In the listing that follows, give every line again exactly and omit the pictures.

──────── Collected data ────────

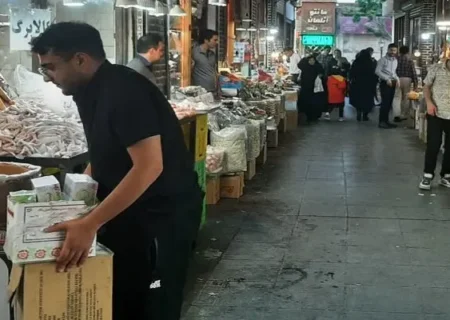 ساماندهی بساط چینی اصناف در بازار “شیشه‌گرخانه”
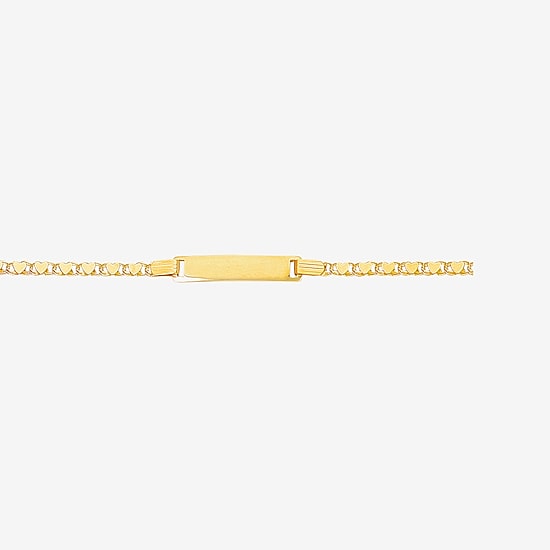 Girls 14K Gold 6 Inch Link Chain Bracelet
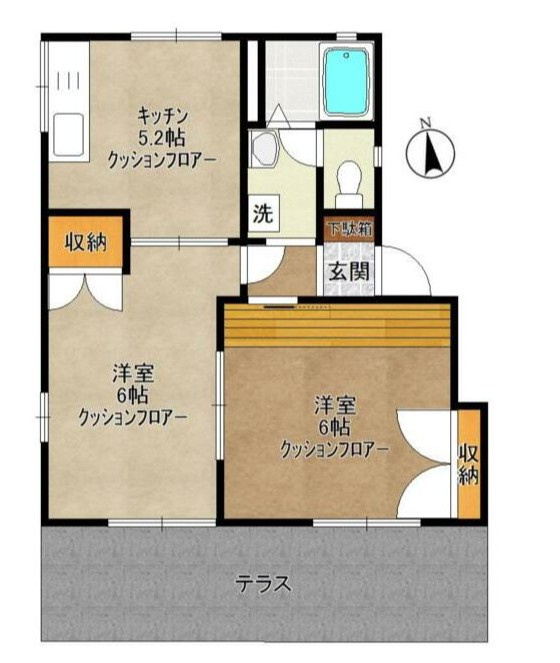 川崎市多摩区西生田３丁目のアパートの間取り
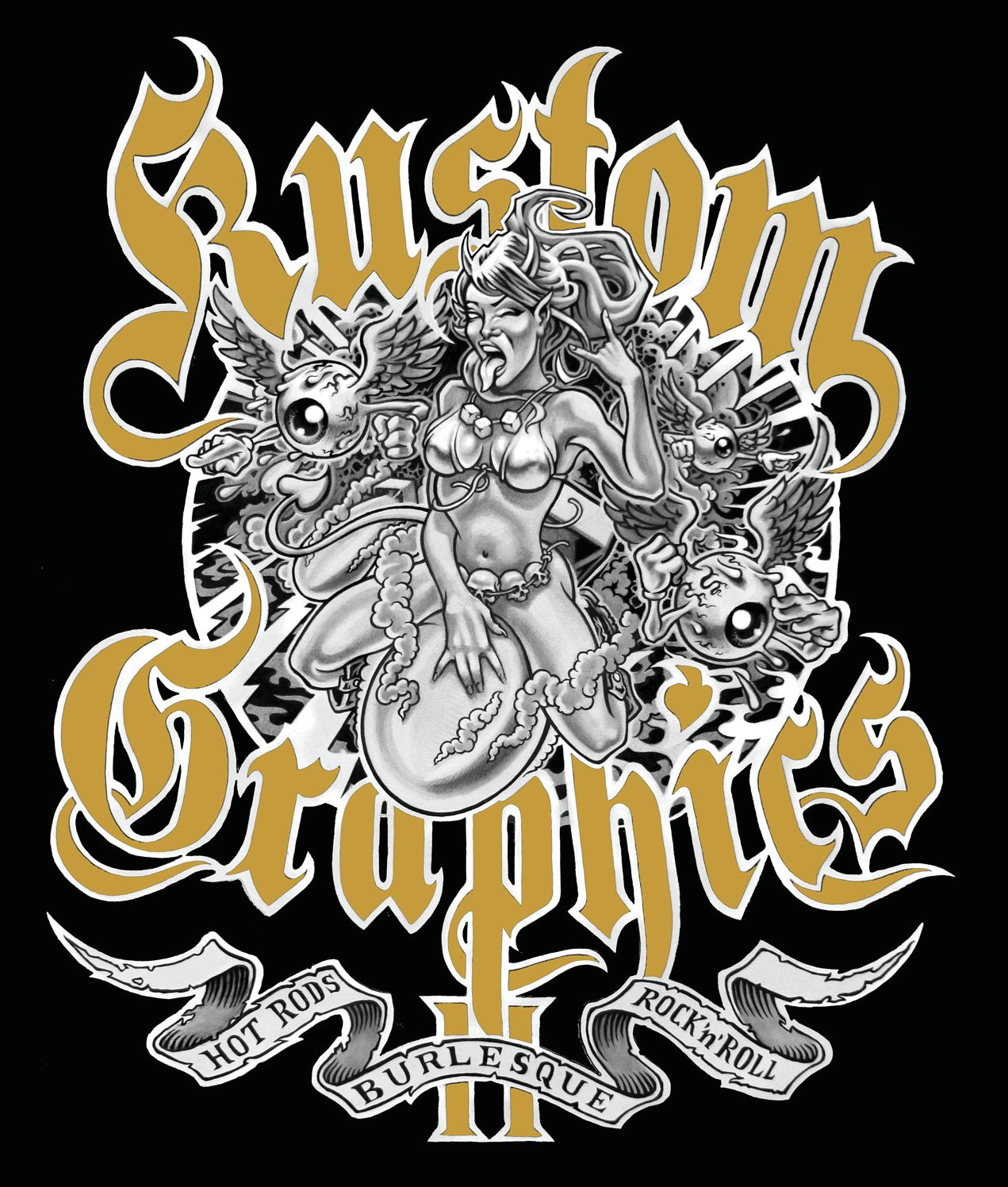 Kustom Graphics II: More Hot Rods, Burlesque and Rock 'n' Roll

────────

→ Solution to this problem
 ساماندهی بساط چینی اصناف در بازار “شیشه‌گرخانه”
 Girls 14K Gold 6 Inch Link Chain Bracelet
 川崎市多摩区西生田３丁目のアパートの間取り
 Kustom Graphics II: More Hot Rods, Burlesque and Rock 'n' Roll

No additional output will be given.